= Beginning of Section =
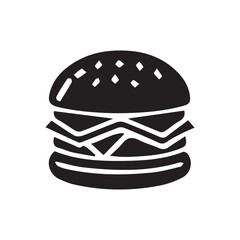 Burger silhouette Fast food icon, vector simple black isolated illustration.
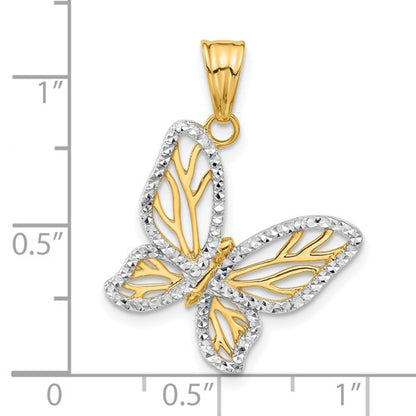 14k Two-Tone Diamond-Cut Butterfly Pendant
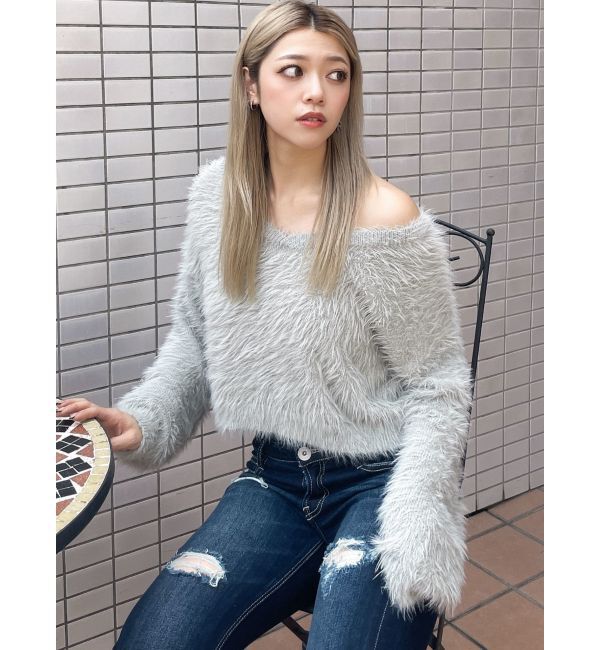 GYDA「シャギーショートLOOSEニットトップス」|ニット・セーター|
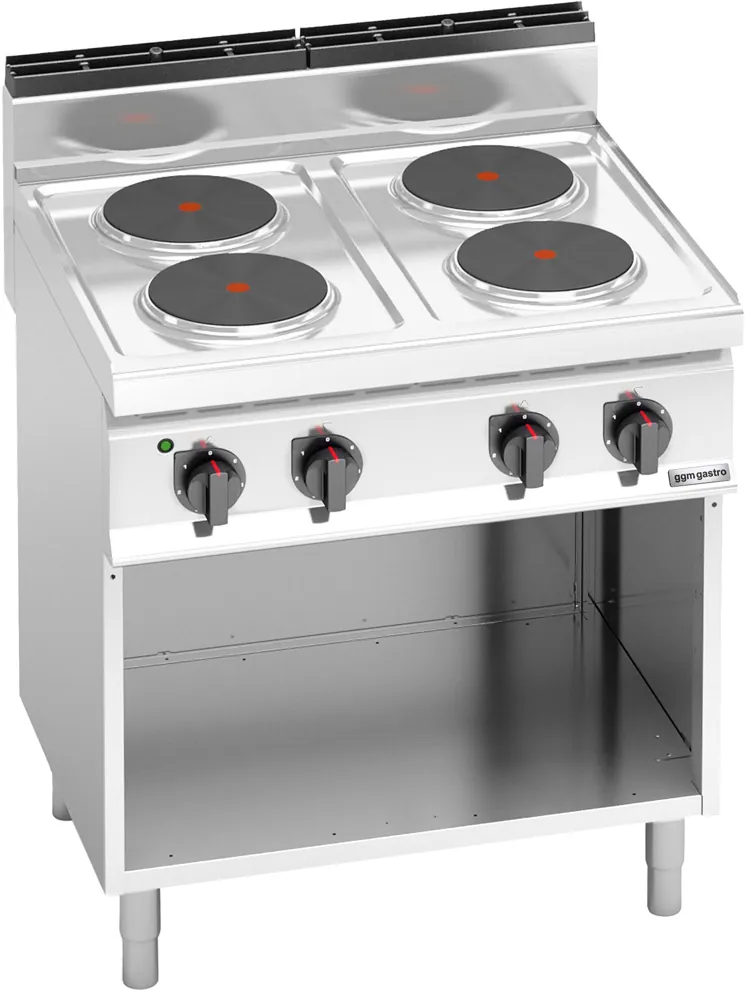 Ggm gastro EHB879E Ipari elektromos tűzhely - 700-as - főzősorba illeszthető - összteljesítmény: 10,4 kW - 4 zónás - öntöttvas főzőlap - nyitott tárolórésszel - 800x714x1.070 mm Fő kép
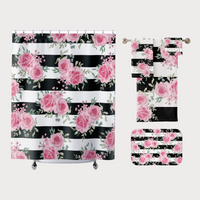 Towel Set-Pretty Pink Floral Roses-Black Stripes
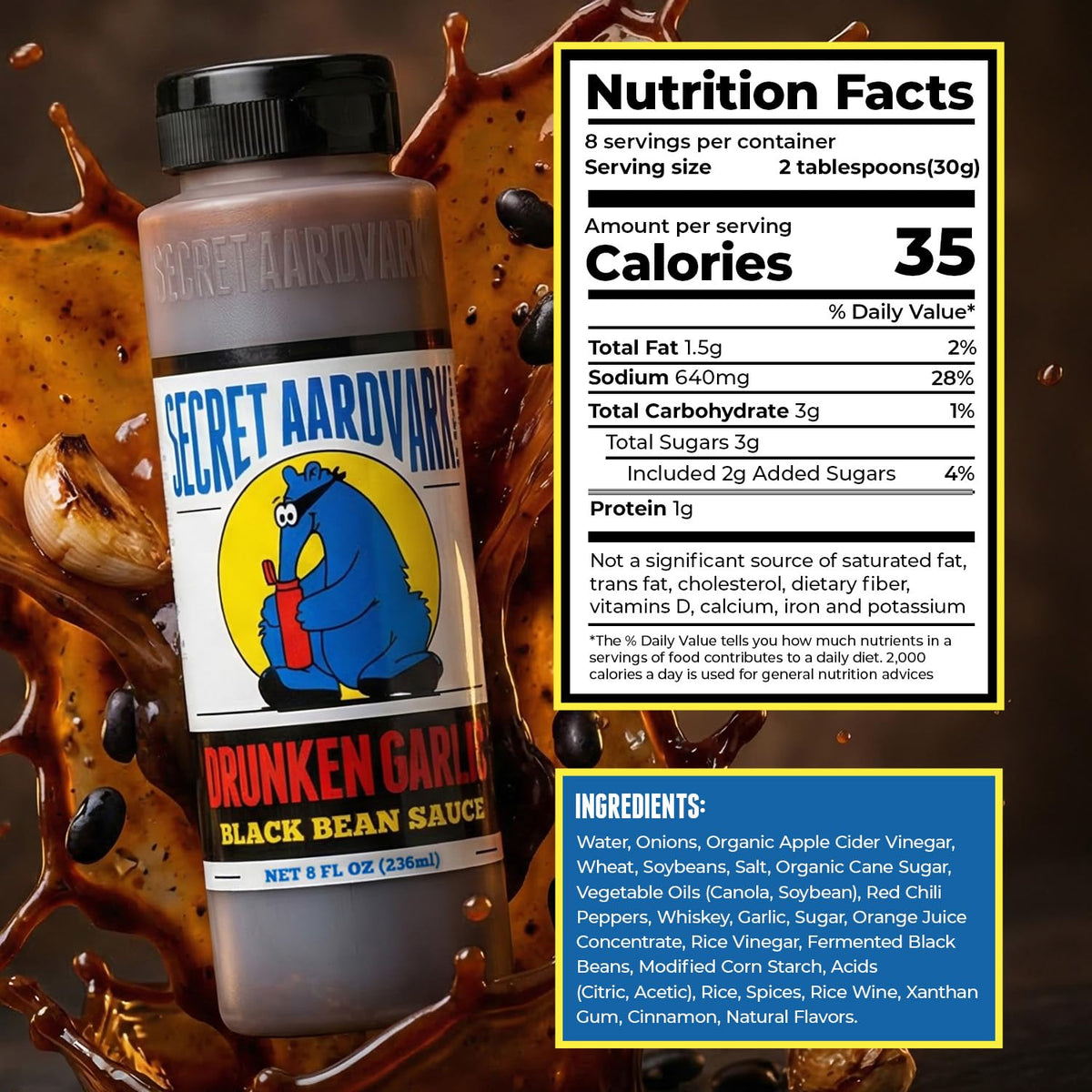 Secret Aardvark Drunken Garlic Black Bean Sauce packaging notes non-GMO and dairy-free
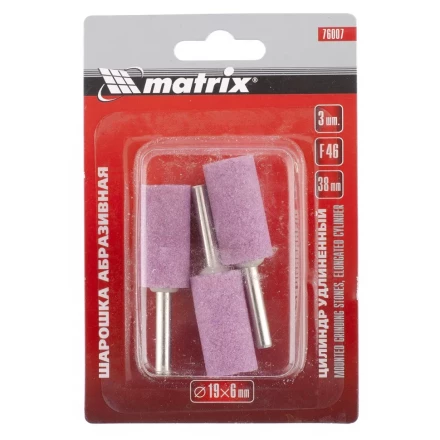 Шарошка абразивная цилиндр удлиненный 19 x 38 x 6 мм F46 3 штуки MATRIX 76007 купить в Урае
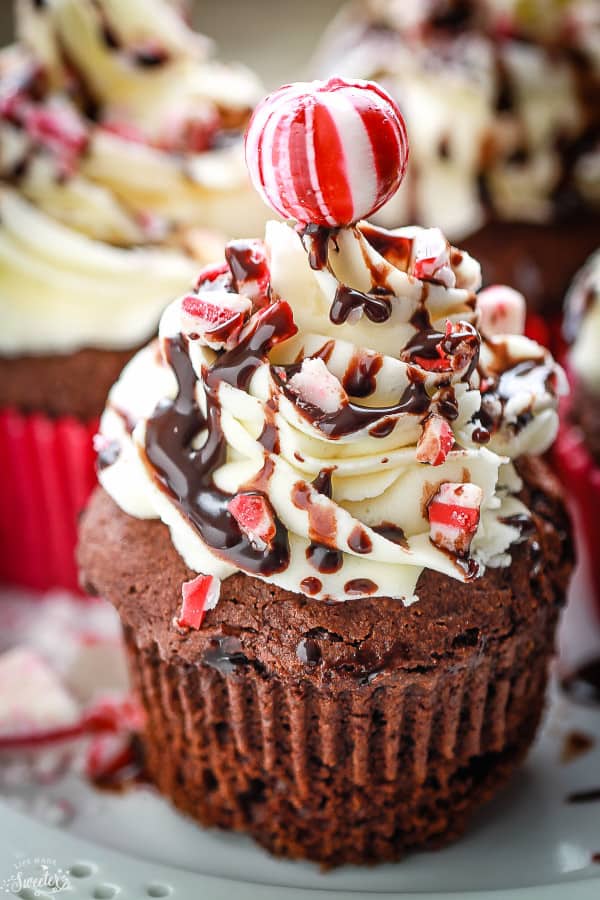 Close-up of a Peppermint Eggnog Cupcake on a plate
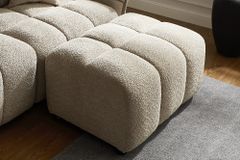 Moderner Hocker CLOUD 100cm champagner greige Bouclé Federkern Fußhocker Sitzhocker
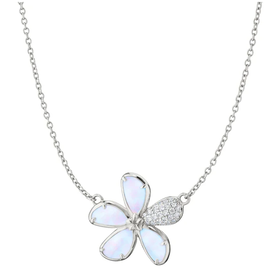 MONICA RICH KOSANN Mother of Pearl Flower Necklace with Pavé White Sapphires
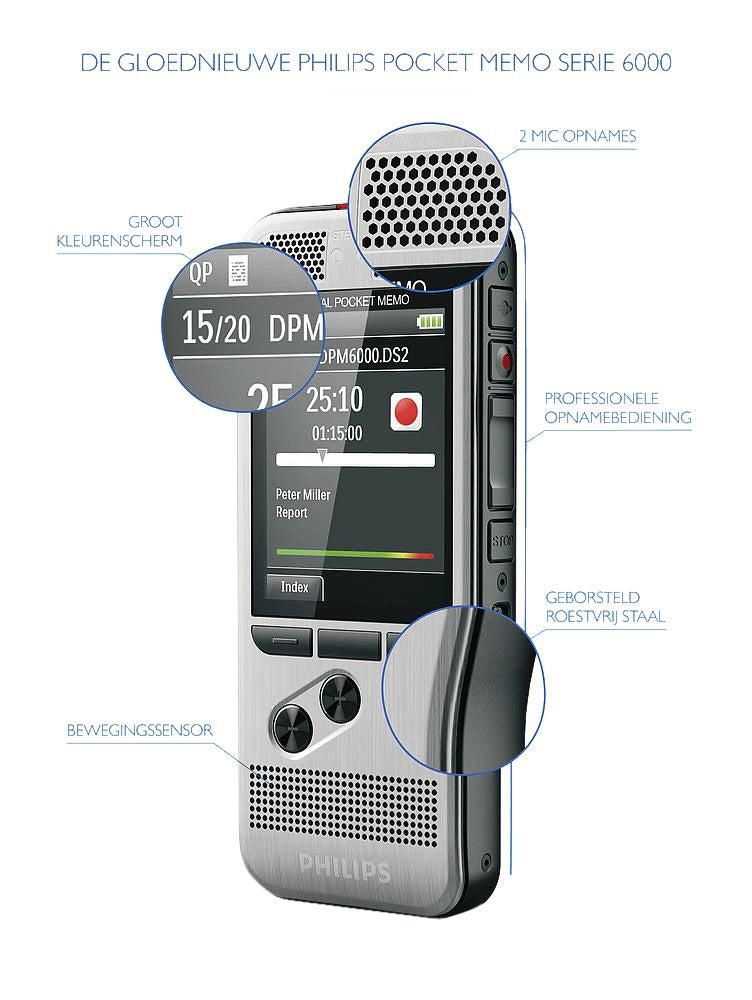 Philips DPM 6000/02 PocketMemo Dictieerapparaat met Microfoons - 3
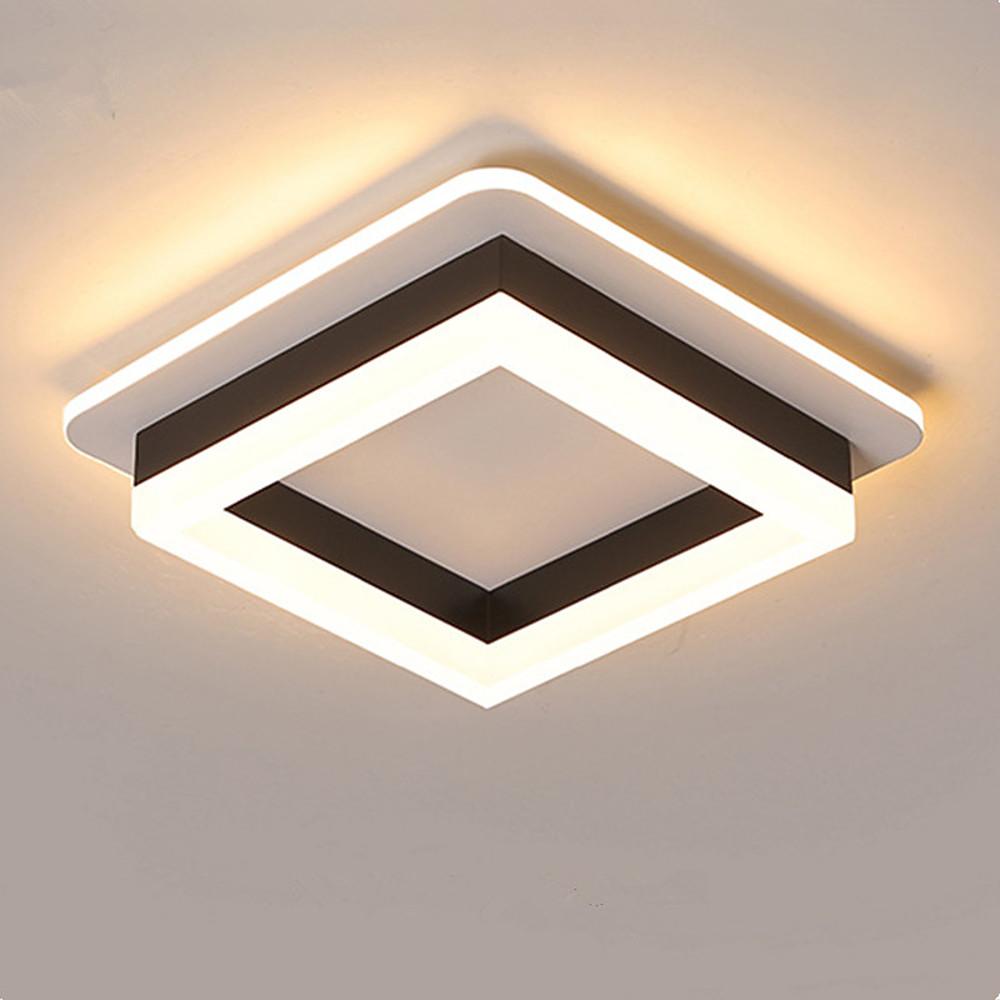 Modern Minimalist Square LED Flush Mount Ceiling Light for Bedroom and Living Room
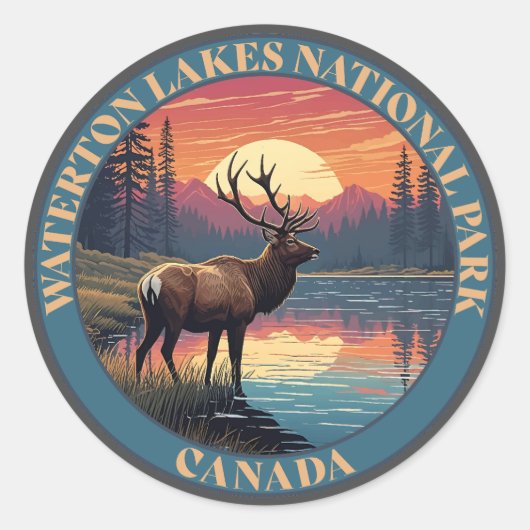 Waterton Lakes National Park of Canada ラウンドシール (正面)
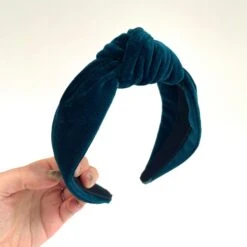 Handmade Teal Petrol Blue Velvet Luxury Hairband Headband - Knotted Turban Wide Fabric Alice Band Hair Christmas -Cheap Bags & Purses Store il fullxfull.3427588268 d305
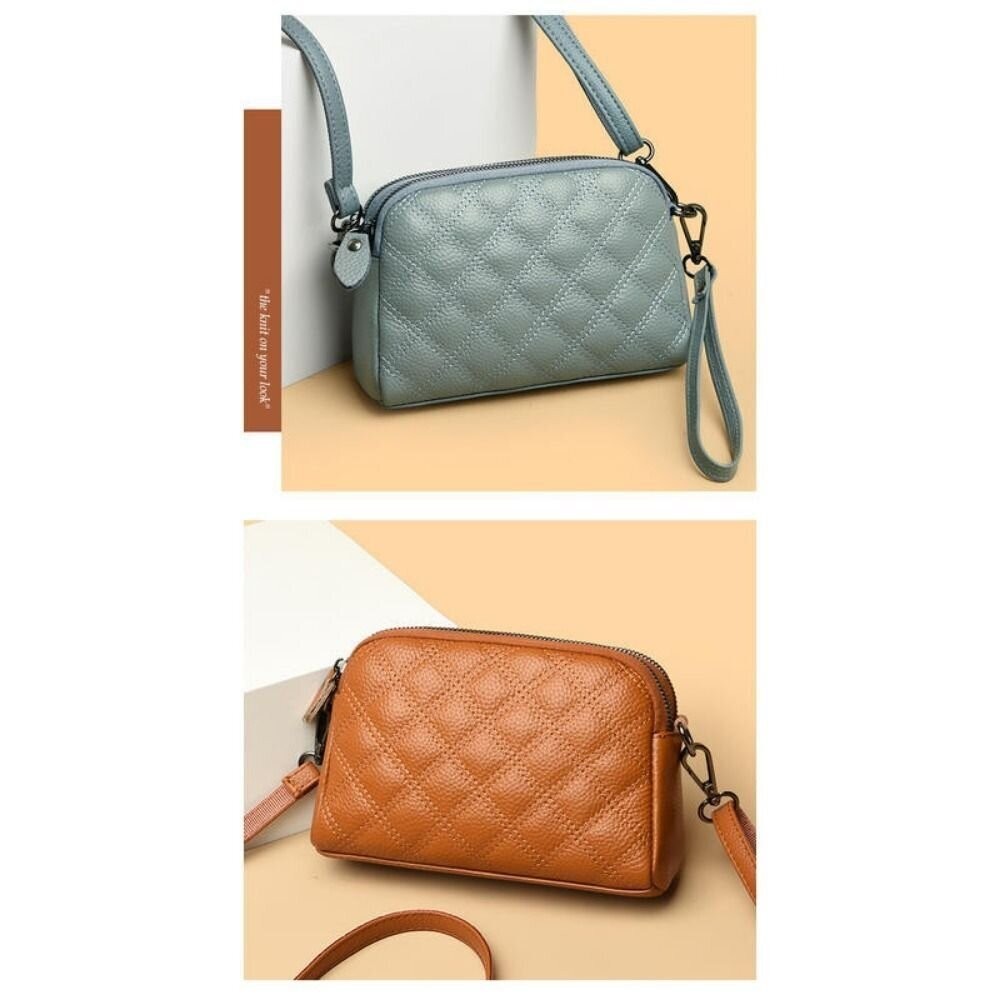 【實體店+發票】時尚真皮菱格紋單肩包 斜挎小包包 軟皮手拿包 時尚百搭 休閒手拿包  頭層牛皮 斜挎包女 送禮-細節圖7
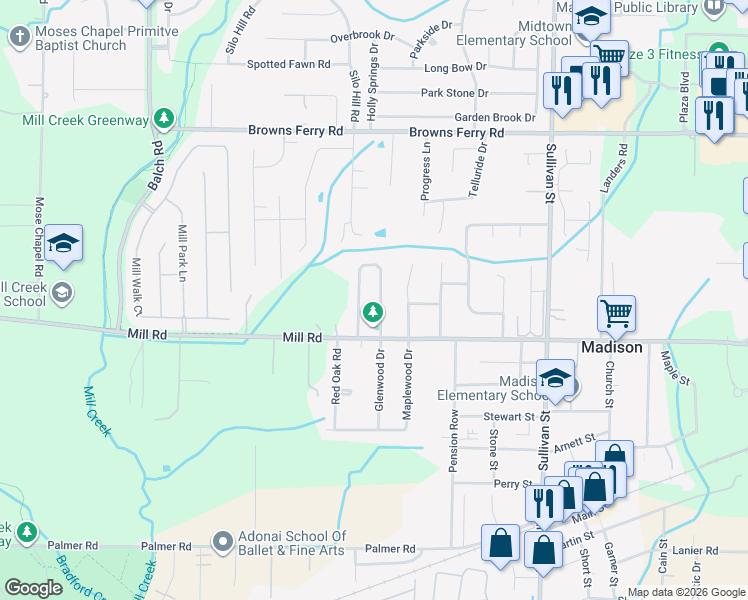 map of restaurants, bars, coffee shops, grocery stores, and more near 111 Bibb Drive in Madison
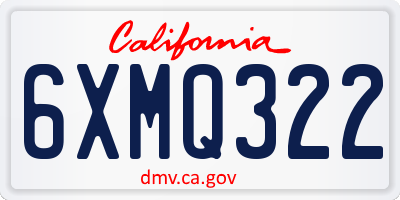 CA license plate 6XMQ322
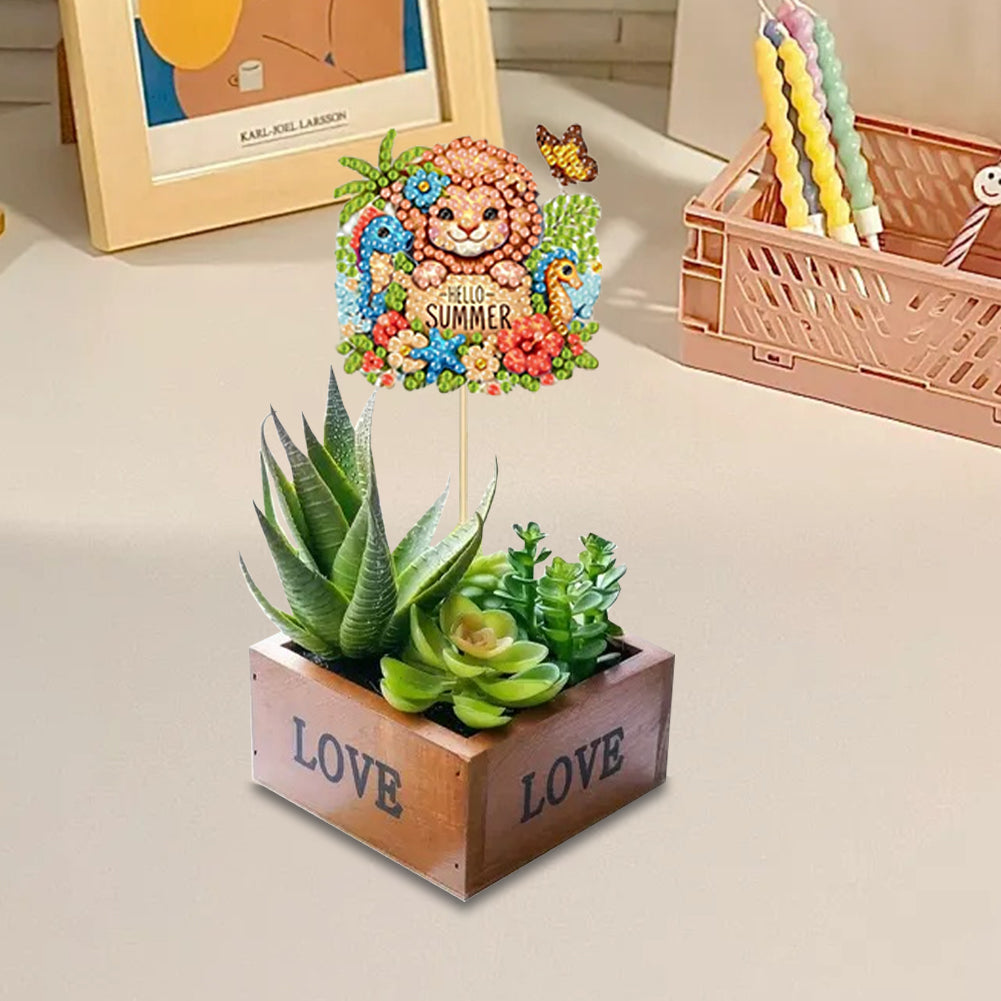 6Pcs Animal Stakes Diamond Painting Kits DIY Diamond Art Kits for Beginners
= End of Section =
# Your instructions
If a record contains a picture, omit the picture and repeat everything else exactly.

# Task answer
 Burger silhouette Fast food icon, vector simple black isolated illustration.
 14k Two-Tone Diamond-Cut Butterfly Pendant
 GYDA「シャギーショートLOOSEニットトップス」|ニット・セーター|
 Ggm gastro EHB879E Ipari elektromos tűzhely - 700-as - főzősorba illeszthető - összteljesítmény: 10,4 kW - 4 zónás - öntöttvas főzőlap - nyitott tárolórésszel - 800x714x1.070 mm Fő kép
 Towel Set-Pretty Pink Floral Roses-Black Stripes
 Secret Aardvark Drunken Garlic Black Bean Sauce packaging notes non-GMO and dairy-free
 Шарошка абразивная цилиндр удлиненный 19 x 38 x 6 мм F46 3 штуки MATRIX 76007 купить в Урае
 Close-up of a Peppermint Eggnog Cupcake on a plate
 Moderner Hocker CLOUD 100cm champagner greige Bouclé Federkern Fußhocker Sitzhocker
 MONICA RICH KOSANN Mother of Pearl Flower Necklace with Pavé White Sapphires
 Philips DPM 6000/02 PocketMemo Dictieerapparaat met Microfoons - 3
 Modern Minimalist Square LED Flush Mount Ceiling Light for Bedroom and Living Room
 Waterton Lakes National Park of Canada ラウンドシール (正面)
 Handmade Teal Petrol Blue Velvet Luxury Hairband Headband - Knotted Turban Wide Fabric Alice Band Hair Christmas -Cheap Bags & Purses Store il fullxfull.3427588268 d305
 【實體店+發票】時尚真皮菱格紋單肩包 斜挎小包包 軟皮手拿包 時尚百搭 休閒手拿包  頭層牛皮 斜挎包女 送禮-細節圖7
 map of restaurants, bars, coffee shops, grocery stores, and more near 111 Bibb Drive in Madison
 CA license plate 6XMQ322
 6Pcs Animal Stakes Diamond Painting Kits DIY Diamond Art Kits for Beginners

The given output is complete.